AMWU fights to keep Australian shipbuilding jobs


Australian shipbuilding workers have stepped up protests against the national government over the future of navy shipbuilding, threatening thousands of jobs in 2015.

Hundreds of workers in Adelaide and Perth marched through the streets in December, protesting at the conservative Abbott Government’s move to outsource future building of warships and submarines overseas.

The rallies of Australian Manufacturing Workers’ Union (AMWU) members also demanded the Defence Minister be sacked or resign for failing to ensure continuing work domestically on the current build of three Air Warfare Destroyers (AWD).

The Government also refused to bring forward plans to build eight new navy frigates or even guarantee they will be built in Australia, leaving BAE Systems and Forgacs with a gap in contracts known as “the valley of death”.

AMWU Assistant National Secretary Glenn Thompson slammed Defence Minister David Johnston's “bumbling inaction” on the AWD project.

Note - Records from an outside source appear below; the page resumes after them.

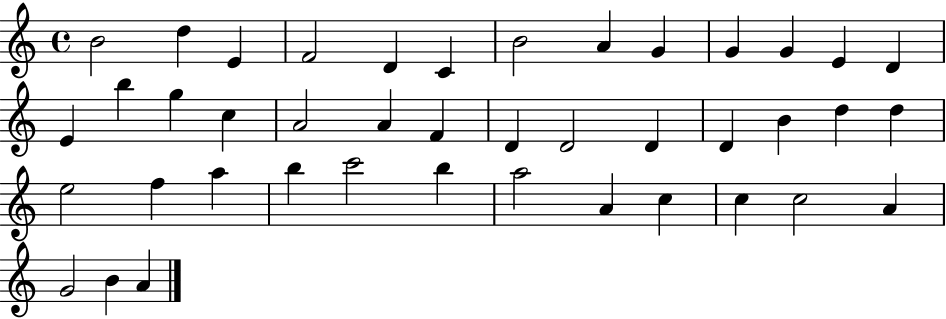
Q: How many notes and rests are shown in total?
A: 42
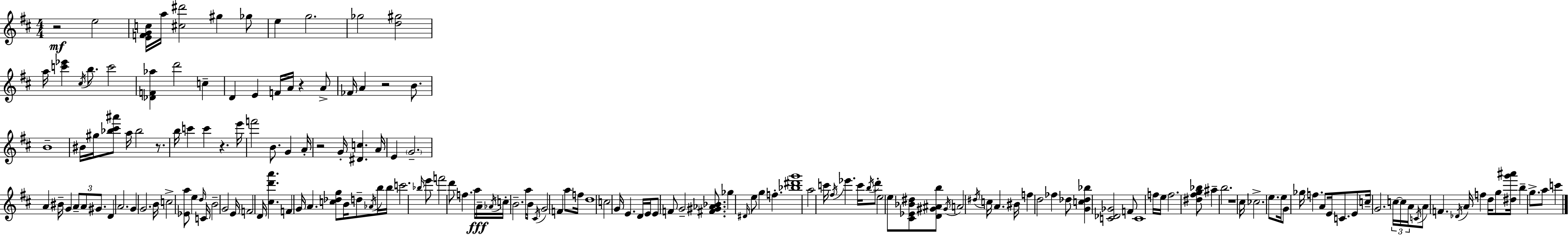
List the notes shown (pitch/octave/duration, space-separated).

R/h E5/h [E4,F4,G4,C5]/s A5/s [C#5,D#6]/h G#5/q Gb5/e E5/q G5/h. Gb5/h [D5,G#5]/h A5/s [C6,Eb6]/q C#5/s B5/e. C6/h [Db4,F4,Ab5]/q D6/h C5/q D4/q E4/q F4/s A4/s R/q A4/e FES4/s A4/q R/h B4/e. B4/w BIS4/s G#5/s [Bb5,C#6,A#6]/e A5/s Bb5/h R/e. B5/s C6/q C6/q R/q. E6/s F6/h B4/e. G4/q A4/s R/h G4/s [D#4,C5]/q. A4/s E4/q G4/h. A4/q BIS4/s G4/q A4/e A4/e G#4/e. D4/q A4/h. G4/q G4/h. B4/s C5/h [Eb4,A5]/e E5/q D5/s C4/s B4/h G4/h E4/s F4/h D4/s [C#5,D6,A6]/q. F4/q G4/s A4/q. [C5,Db5,G5]/e B4/s D5/e Ab4/s B5/s B5/s C6/h. Bb5/s E6/e F6/h D6/e F5/q. A5/s A4/s Ab4/s C5/s B4/h. A5/s B4/s C#4/s G4/h F4/q A5/e F5/s D5/w C5/h G4/s E4/q. D4/s E4/s E4/e F4/e G4/h [F#4,G#4,Ab4,Bb4]/e. Gb5/q D#4/s E5/e G5/q F5/q. [Bb5,D#6,G6]/w A5/h C6/s F#5/s Eb6/q. C6/s B5/s D6/e E5/h E5/e [C#4,Eb4,Bb4,D#5]/e [D4,G#4,A#4,B5]/e G#4/s A4/h D#5/s C5/s A4/q. BIS4/s F5/q D5/h FES5/q Db5/e [G4,C5,Db5,Bb5]/q [C4,Db4,Gb4]/h F4/e C4/w F5/s E5/s F5/h. [D#5,F#5,G5,Bb5]/e A#5/q B5/h. R/w C#5/s CES5/h. E5/e. E5/s G4/e Gb5/s F5/q. A4/e E4/s C4/e. E4/e C5/s G4/h. C5/s C5/s A4/s C4/s A4/e F4/q. Db4/s A4/s F5/q D5/s G5/e [D#5,G6,A#6]/s B5/q G5/e. A5/e C6/q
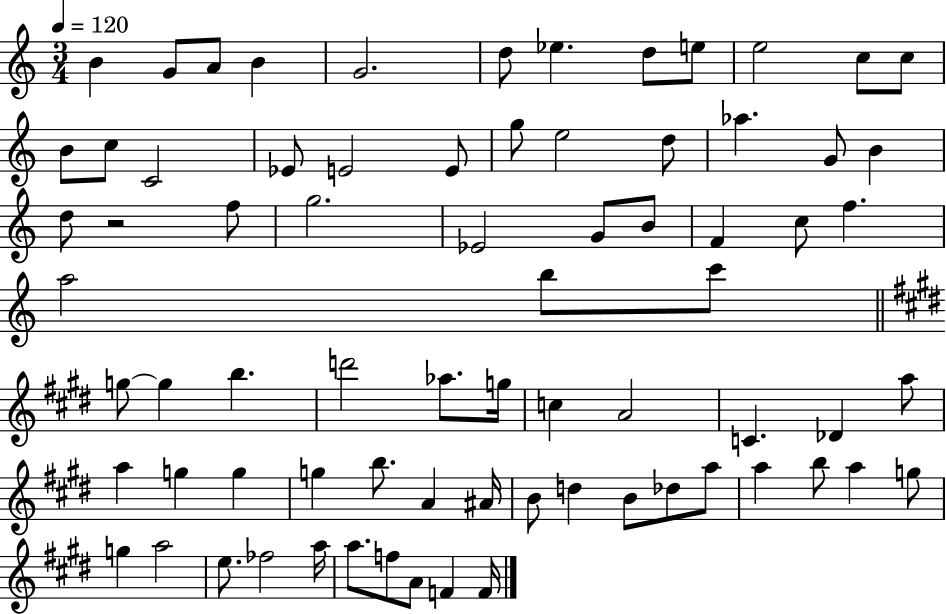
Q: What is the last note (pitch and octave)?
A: F4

“He must resign unless he takes immediate action on what his own expert report, the AMWU and the shipbuilding industry keep telling him, we need a rolling build of naval combat ships in Adelaide and other Australian shipyards and we need commitment now,” Mr Thompson said.

The biggest contract issue facing Australian shipbuilding is whether the nation’s future submarine fleet will be built in Australia, as promised by the Abbott Government before it was elected in 2013. The Government has now backtracked and is considering outsourcing the work. That would devastate Australia’s shipbuilding industry.

But AMWU union action has won powerful political support, even from Senators in the ruling Abbott Government, that there should be a transparent tender process on the project and whichever bidder wins; the submarines must be built in Australia.

In November, Mr Thompson attended IndustriALL’s World Conference on Shipbuilding and Shipbreaking in Japan, where unions at BAE Systems operations in Britain, the US and Australia agreed to set up a global network.

“We will be working in a collaborative way to share information and build global solidarity,” Mr Thompson said.